Full-time: Chelsea 3 Newcastle 0

JOSE Mourinho had a good day but this was another defeat at the end of a frustrating week for Newcastle United.

After watching an Eden Hazard-inspired Blues cruise to a 3-0 win at Stamford Bridge, Newcastle boss Alan Pardew is nursing another defeat that now means his side have won just one of their last seven Premier League games.

Hazard's brilliance conjured up two goals in the first half and then he completed his hat-trick with a second half penalty to lift Chelsea to the top of the league.

Newcastle do not have such a healthy position, it is just fortunate they sit with a respectable 37 point tally at this stage after ten days to forget on Tyneside.

After a derby defeat to Sunderland, the departure of Joe Kinnear and the resignation of Under-21s coach Willie Donachie, Newcastle need to find a lift again.

And they must do so without Yohan Cabaye following his move to Paris St Germain and key midfielder Cheik Tiote, who will miss three weeks with a hamstring problem.

There are also fresh injury concerns over Mathieu Debuchy ahead of Wednesday's visit of Tottenham after he was forced off with an ankle injury this afternoon.

While Mourinho focused on ways of claiming the points that could take them ahead of Arsenal in the title race, Pardew tried something different in a bid to stop them.

Paul Dummett's inclusion at left-back meant the hole vacated by Tiote was filled by Davide Santon in the middle alongside Vurnon Anita. January recruit Luuk De Jong was also handed a full debut on his own up front.

This was always likely to be an afternoon trying to contain the Blues shirts, though, and for the first 20 minutes things seemed to be going reasonably well.

While there was plenty of clever movement and passing, Chelsea's early efforts were from outside the area and flew narrowly wide.

And Newcastle had a couple of efforts themselves, with Hatem Ben Arfa going closest with two shots rolled in to the arms of Petr Cech.

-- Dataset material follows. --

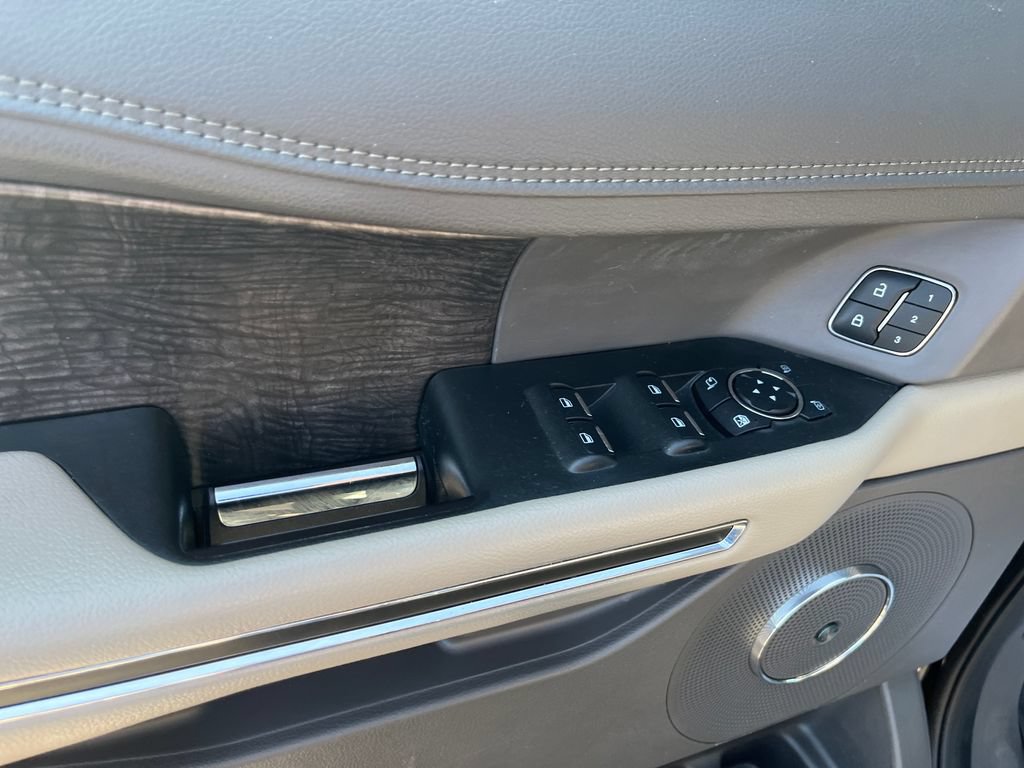 Used 2021 Ford Expedition Limited AWD/4WD image 10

But then Chelsea opened the scoring in the 27th minute. When Branislav Ivanovic placed a pass just inside the Newcastle box, Hazard met it first time with a precise finish inside the far corner.

Newcastle could have levelled before the second but Cech denied Moussa Sissoko after a fine defence splitting pass from Santon sent the Frenchman clear.

And Chelsea immediately broke down the other end through Willian. When he picked out Hazard the danger signs were there, but the Belgian darted in to the box, played a clever one-two with Samuel Eto'o and then applied the cool finish.

That arrived 11 minutes before half-time and from that moment on Chelsea never looked surrendering their advantage. And after the restart Newcastle could not even get out of their half.

An almighty blunder from Krul almost cost a third. He totally misjudged a long clearance from David Luiz and the ball bounced over his head on the edge of his box. There was just too much pace on it for Hazard to catch.

But the Chelsea playmaker did not have to wait much longer for his third and it arrived in the 63rd minute.

Assistant referee Darren Cann called a penalty when substitute Mapou Yanga-Mbiwa – who was introduced for the Debuchy – wrapped his arms around Eto'o at the back post when a corner was floated in. Hazard took the spot-kick in style.

Chelsea new-boy Mohamed Salah, signed from Basel last month, had a couple of late efforts to increase the lead, while Sylvain Marveaux wasted a glorious chance to pull one back in the dying moments.

But Newcastle had already been defeated.

CHELSEA (4-2-3-1): Cech; Ivanovic, Cahill, Luiz, Azpilicueta; Lampard, Matic; Hazard (Schurrle 86), Willian (Salah 76), Oscar; Eto'o (Ba 71). Subs: Schwarzer (gk), Cole, Ramires, Mikel.

NEWCASTLE UNITED (4-2-3-1): Krul; Debuchy (Yanga-Mbiwa 40), Williamson, Taylor, Dummett; Anita (Marveaux 86), Santon; Sissoko, Ben Arfa (Gosling 64), Sammy Ameobi; De Jong. Subs: Elliot (gk), Haidara, Armstrong, Shola Ameobi.